Lab Gruppen
- Industry: Audio Electronics and Amplifiers
- Founded: 1979, Kungsbacka, Sweden
- Founder: Kenneth Andersson, Dan Bävholm
- Headquarters: Makati, Philippines
- Area served: Worldwide
- Parent: Music Tribe
- Website: labgruppen.com

= Lab Gruppen =

Swedish sound equipment company

Lab Gruppen (stylized as Lab.Gruppen) is a Swedish sound equipment company, based in Kungsbacka, Sweden, dedicated to building mainly public address power amplifiers. Lab Gruppen is part of the Music Tribe group of brands. As of 2007 the company had 130 employees.

== History ==
Kenneth Andersson and Dan Bävholm founded Lab.gruppen in 1979. They first met as schoolboys when they shared an interest in electronics.

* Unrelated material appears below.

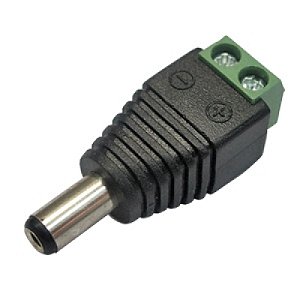 Conector P4 Macho Borne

Andersson and Bävholm's first project was a hand-made mixing console. It was used as part of the front of house equipment for a concert by Eartha Kitt. They created other mixers and a series of guitar heads and combos. Their intermittent manufacture of mixers and guitar amplifiers continued through the formal establishment of Lab.gruppen in 1979. The company was located inside a local hi-fi store, where the duo serviced consumer equipment for additional income. It was here that the company's first professional audio power amplifier was created.

Between the LAB 4000 and fP Series 6400, Lab.gruppen engineers continued to advance and refine their products. The LAB Series was overhauled and augmented and subsequently became the fP range. fP designs were upgraded to meet the stringent new EMC standards in Europe, and adoption of UL safety standards allowed them to be sold in the United States. Standardization of internal components between models increased manufacturing efficiency to keep pricing competitive in all new markets.

In the late 1990s, the founders brought in new ownership and a managing director. In July 2000, Lab.gruppen was acquired by the TGI Group of the United Kingdom, and a few months later Tomas Lilja was chosen as managing director. In early 2002, the TGI Group was acquired by TC Group of Denmark, the current corporate owner. In 2004, the company moved to its new location at Faktorvägen. Both Andersson and Bävholm remained with the company following the acquisitions.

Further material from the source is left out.